For Umno and PAS (with greater grassroots), they lack resources and credible national leadership. As such, these parties will primarily adopt a criticising-issues mode to mobilise. If elections are called, expect an attacking campaign.
Second, for all sides of the political divide, identity politics will permeate. Following the post-GE14 environment, there has been a heightened use of race and religion (in a context where this is already high). This sort of negative campaigning has the potential to further fray the country’s social fabric.
The question of who protects and represents the Malay majority and non-Malay minorities remains a pressing concern mobilised directly and indirectly by political parties. In East Malaysia, state nationalism continues to be the dominant messaging. Contending dreams for Malaysia as a nation will be at stake with differences over representation and inclusion.

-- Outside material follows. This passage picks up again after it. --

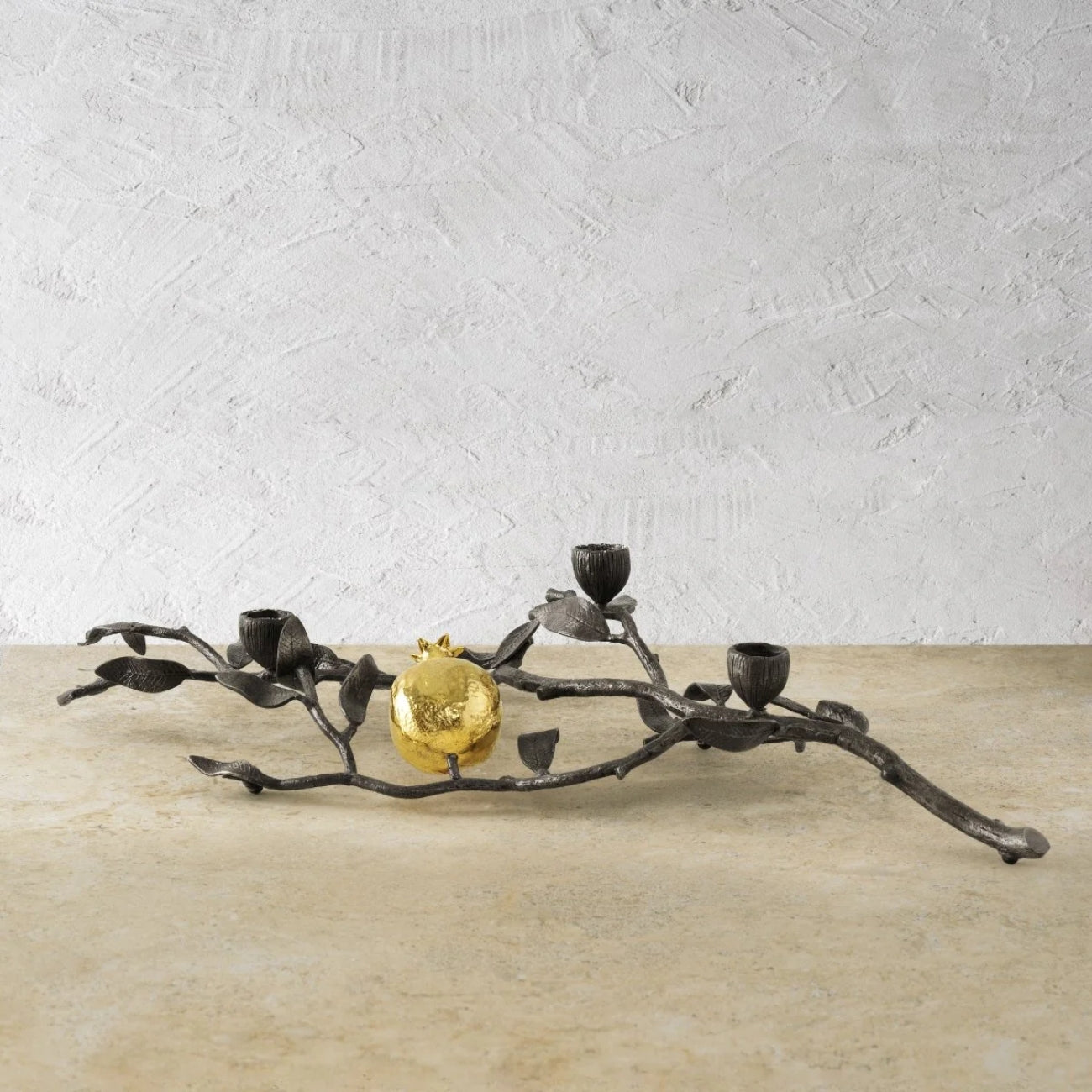 ДЕКОРАТИВЕН СВЕЩНИК MICHAEL ARAM POMEGRANATE CANDELABRA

Third, is the issue of reform – arguably the main driver of calls for electoral change in Malaysian politics for nearly two decades. The composition and direction for reform are less clear as there have been contradictory responses on governance and increased democratic openness. No question, with Umno out of office and desperate to return to power, there will be highly mobilised interests fostering resistance to any further changes.
Finding the positivity will be difficult – a real challenge to mobilise hope with the dominant mode “against” others rather than for the nation. Keep in mind, many Malaysians are fed up with their political leaders – across the political parties. This political turmoil has severely damaged trust for political leaders.
Any new elections – GE15 – will result in Malaysians continuing to look inward, and the outcome may not be what many of the political actors want. There is no guarantee that the outcomes will lead to political resolution among the actors, and, importantly, turn leaders away from politics to governing the country, to solving the challenges facing the Malaysian people.
These three options are indeed less than ideal, especially as Malaysia faces greater global and regional economic insecurity. Ordinary Malaysians and many businesses are struggling in these uncertain times. There is a growing sense of feeling trapped – imprisoned – by the constraints of the political options ahead.
The possibility of new options – a different led unity government, a compromise among the key current contenders or new alliances – remain in the realm of the possible, as recent events show that in Malaysia anything is possible. As Malaysians wait for its leaders to consult, reason and reflect, the dilemma of how to resolve the country’s leadership continues to entrap (but not enthral) Malaysians.